Board-Game-Review-Prediction

Using Linear Regression Model And A Random Forest Regressor Machine Learning Algorithms

Reviews can make or break a product; as a result, many companies take drastic measures to ensure that their product receives good reviews. When it comes to board games, reviews and word-of-mouth are everything.

In this project, I built a sytem that reviews/rates boardgames.

RESULT

When I analyzed the dataset, for correaltions between various attributes using correlation matrix and plotting a heatmap, I found not much strong correlations.

I found out that on the given dataset the Linear Regression Model(Multivariate) had a Mean Sqaured Error of over 2 while,

Random Forest Regressor Model had a Mean Sqaured Error of around 1.4.

When I tested model on random game data from the dataset, On some cases Linear Regression worked better(it predicted a closer rating to actual user rating than predicted by random forest regressor) but on most cases Random Forest Regressor Model worked better obviously due to its lower Mean Sqaured Error

DATASET

In the dataset we had around 81,000 different boardgames.

URL: https://github.com/ThaWeatherman/scrapers/tree/master/boardgamegeek/games.csv

DATA PREPROCESSING

I was able to remove those games that were never rated because they were never published.

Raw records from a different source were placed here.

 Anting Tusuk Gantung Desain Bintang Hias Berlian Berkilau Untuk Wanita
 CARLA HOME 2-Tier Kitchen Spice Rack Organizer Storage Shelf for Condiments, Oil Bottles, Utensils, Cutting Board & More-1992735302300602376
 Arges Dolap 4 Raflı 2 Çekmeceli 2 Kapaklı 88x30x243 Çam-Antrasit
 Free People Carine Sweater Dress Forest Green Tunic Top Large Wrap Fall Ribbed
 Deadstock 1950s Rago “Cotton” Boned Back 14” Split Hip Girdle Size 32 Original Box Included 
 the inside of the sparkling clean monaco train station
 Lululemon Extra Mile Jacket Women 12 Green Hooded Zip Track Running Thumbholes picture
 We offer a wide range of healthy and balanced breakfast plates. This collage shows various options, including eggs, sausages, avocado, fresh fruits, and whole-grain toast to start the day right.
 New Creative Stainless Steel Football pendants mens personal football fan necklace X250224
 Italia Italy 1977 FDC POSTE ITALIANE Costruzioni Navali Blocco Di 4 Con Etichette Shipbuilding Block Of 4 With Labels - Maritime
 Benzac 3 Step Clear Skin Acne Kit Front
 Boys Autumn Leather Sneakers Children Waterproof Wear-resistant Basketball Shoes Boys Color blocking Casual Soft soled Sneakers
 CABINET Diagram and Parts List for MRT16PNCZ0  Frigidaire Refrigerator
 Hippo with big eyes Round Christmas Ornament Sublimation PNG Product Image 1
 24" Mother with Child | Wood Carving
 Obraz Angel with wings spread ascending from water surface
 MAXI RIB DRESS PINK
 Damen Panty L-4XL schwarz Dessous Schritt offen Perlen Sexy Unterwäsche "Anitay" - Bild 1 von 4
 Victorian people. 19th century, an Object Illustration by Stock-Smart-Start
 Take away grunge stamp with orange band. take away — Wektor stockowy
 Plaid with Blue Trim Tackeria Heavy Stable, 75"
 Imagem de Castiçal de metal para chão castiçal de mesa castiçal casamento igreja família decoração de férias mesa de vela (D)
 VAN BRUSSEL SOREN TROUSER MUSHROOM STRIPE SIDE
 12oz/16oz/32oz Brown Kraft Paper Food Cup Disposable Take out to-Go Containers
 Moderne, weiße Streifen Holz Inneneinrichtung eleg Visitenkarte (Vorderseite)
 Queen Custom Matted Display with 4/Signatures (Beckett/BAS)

While training the either model, I removed attributes like name, id, bayes_average_rating and average_rating(because that's what we wanted to predict) as they were not providing any useful information.

The mathematics and theory for Linear Regression is quite long, so here are the hyperlinks for the page:

1. LINEAR REGRESSION

Simple Linear Regression or Linear Regression with One Variable
Cost Function for Simple Linear Regression
Gradient Descent for Simple Linear Regression
Multivariate Linear Regression
Cost Function and Gradient Descent for MVLR
Gradient Descent in Practice
Polynomial Regression
Normal Equation for Learning Parameters

2. RANDOM FORREST REGRESSION

Decision Tree Regression
Bootstrap method and Bootstrap Aggregation
From Bagging to Random Forest

Linear Regression

When the target variable that we’re trying to predict is continuous(Real valued like predict selling price of a house), we call the learning problem a regression problem.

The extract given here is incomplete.